▶ What you should do: Your answer must be a word-for-word copy of the listing, with all pictures excluded.

▶ Listed records:
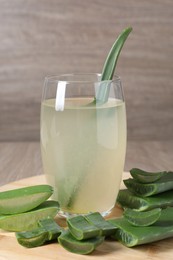 Photo of Tasty aloe juice in glass and cut fresh leaves on wooden table, closeup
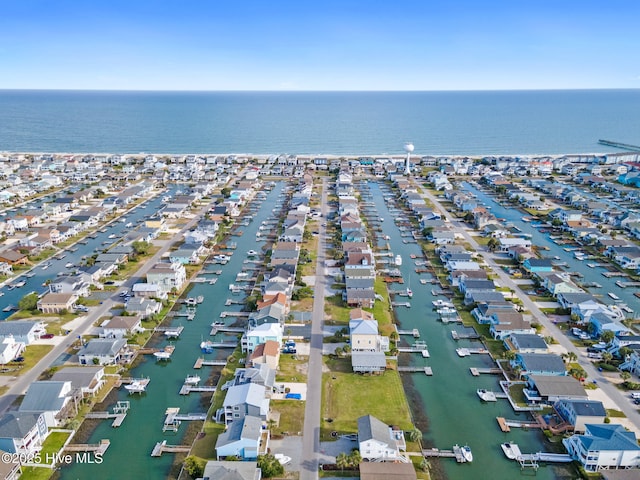 birds eye view of property with a water view and a residential view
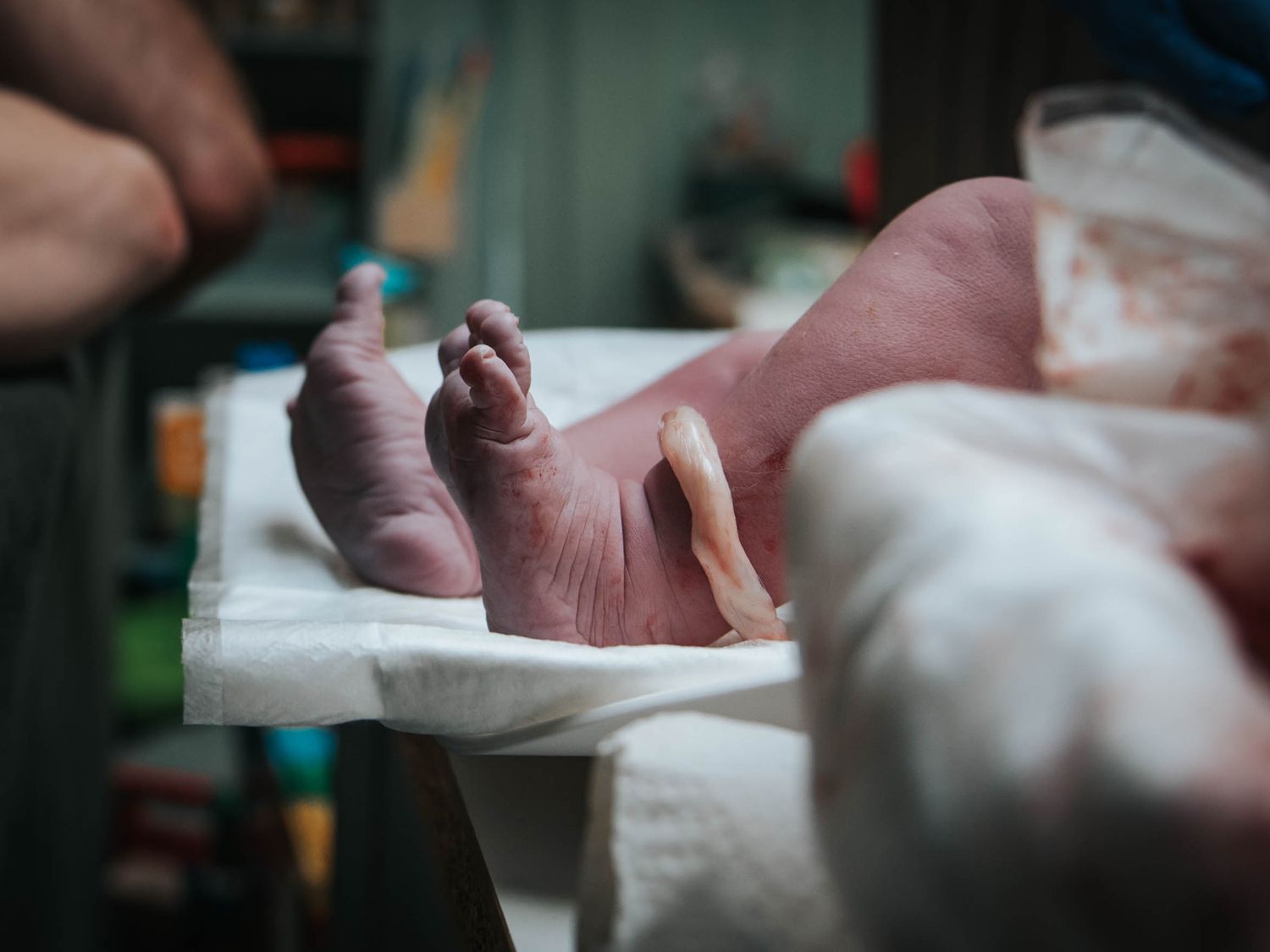 Close-up of a newborn baby's feet and legs moments after birth on a white hospital blanket.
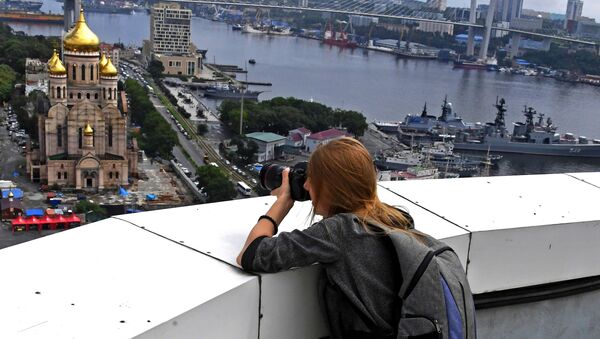 Девушка фотографирует с крыши высотного здания администрации Приморского края во Владивостоке - Sputnik Moldova-România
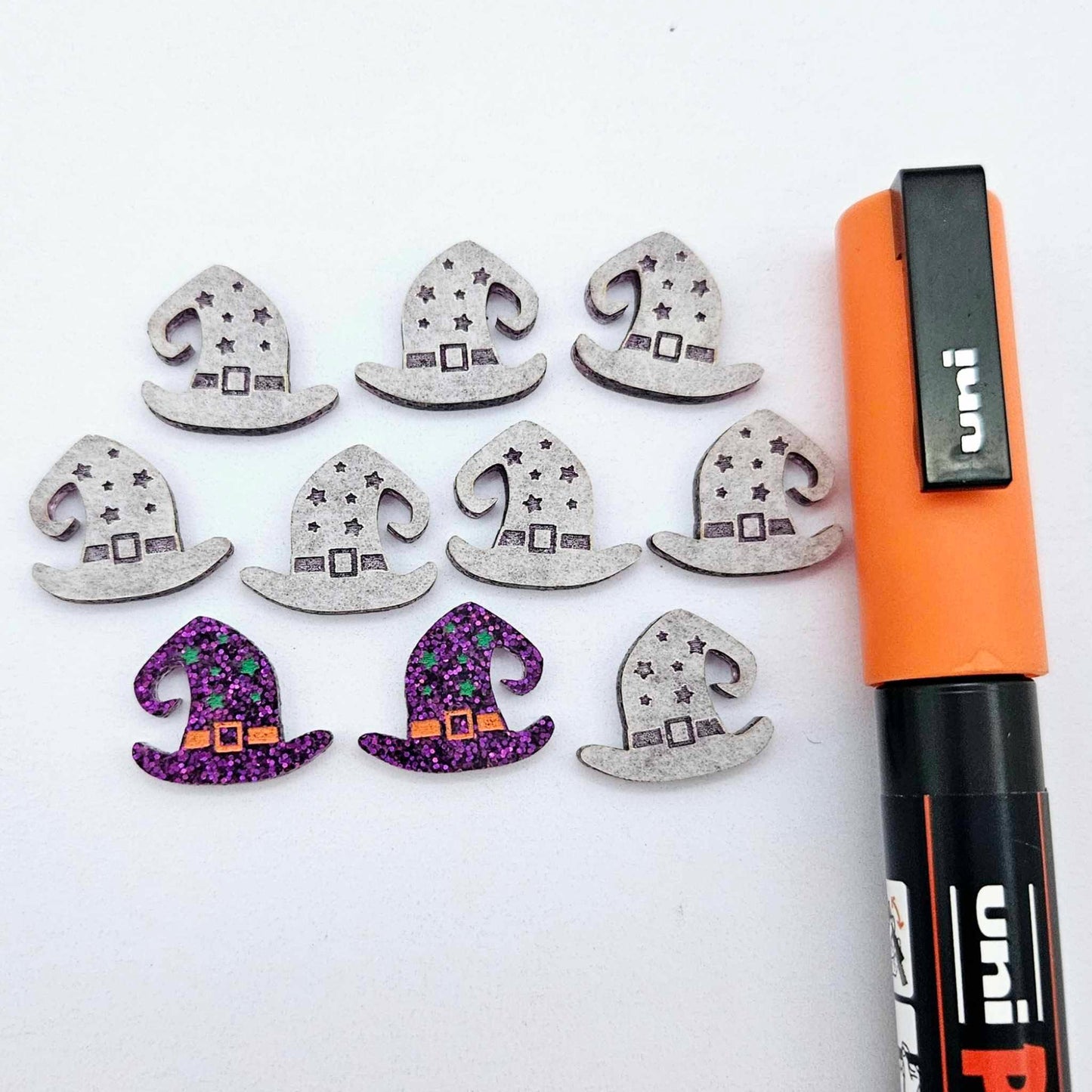 One pair of holographic purple glitter acrylic witch’s hat stud earring blanks with orange and green paint-filled details, surrounded by multiple unpainted pieces with protective paper on, pictured with an Orange Posca Paint Pen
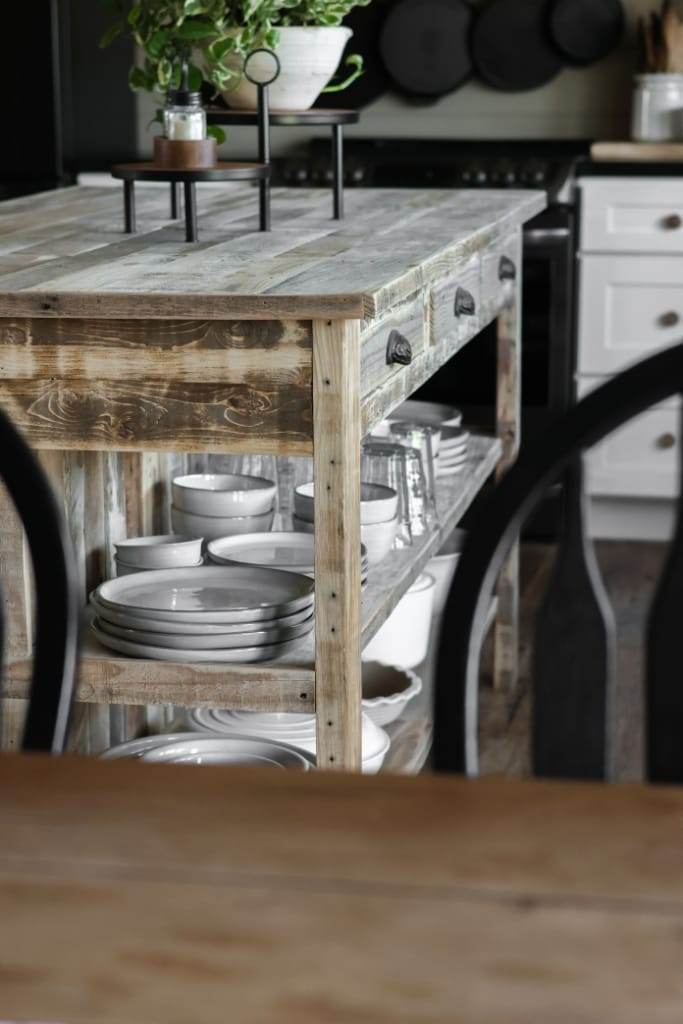 Rustic kitchen island crafted from reclaimed wood, featuring a built-in breakfast nook with seating for two and additional storage in shelves and drawers.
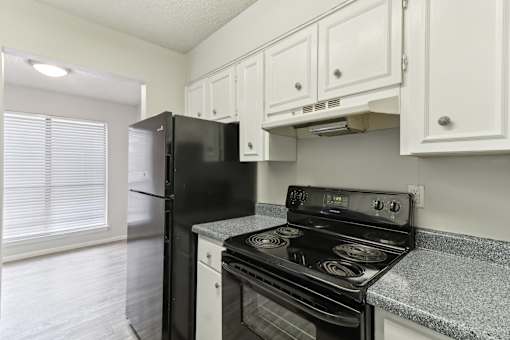 The Escapade apartment kitchen with black stove and refrigerator at The Escapade, San Antonio, Texas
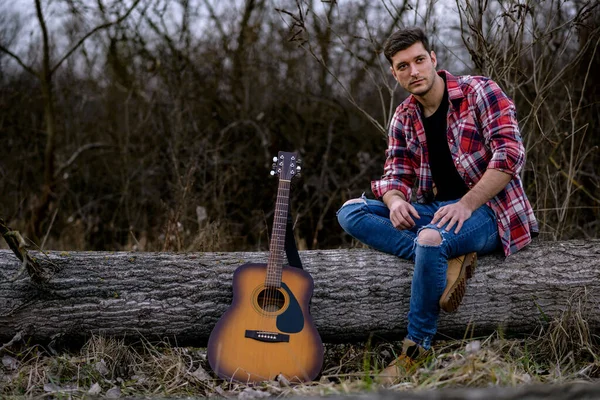 Yakışıklı bir genç adam bir doğa parkında akustik bir gitarın yanında devrilmiş bir ağaçta oturuyor..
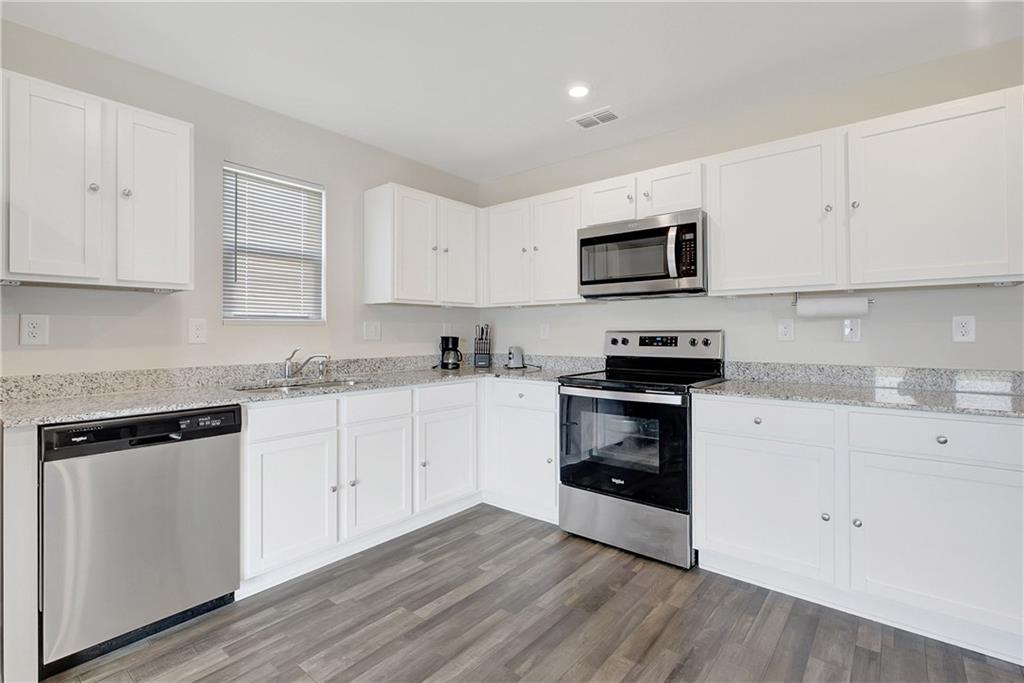 130 Catalpa Road Milner, GA 30257 - Photo 9 of 23 a kitchen with granite countertop white cabinets and stainless steel appliances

▶ Result of this exercise:
 Photo of Tasty aloe juice in glass and cut fresh leaves on wooden table, closeup
 birds eye view of property with a water view and a residential view
 Close-up of a newborn baby's feet and legs moments after birth on a white hospital blanket.
 Девушка фотографирует с крыши высотного здания администрации Приморского края во Владивостоке - Sputnik Moldova-România
 One pair of holographic purple glitter acrylic witch’s hat stud earring blanks with orange and green paint-filled details, surrounded by multiple unpainted pieces with protective paper on, pictured with an Orange Posca Paint Pen
 Rustic kitchen island crafted from reclaimed wood, featuring a built-in breakfast nook with seating for two and additional storage in shelves and drawers.
 The Escapade apartment kitchen with black stove and refrigerator at The Escapade, San Antonio, Texas
 Yakışıklı bir genç adam bir doğa parkında akustik bir gitarın yanında devrilmiş bir ağaçta oturuyor..
 130 Catalpa Road Milner, GA 30257 - Photo 9 of 23 a kitchen with granite countertop white cabinets and stainless steel appliances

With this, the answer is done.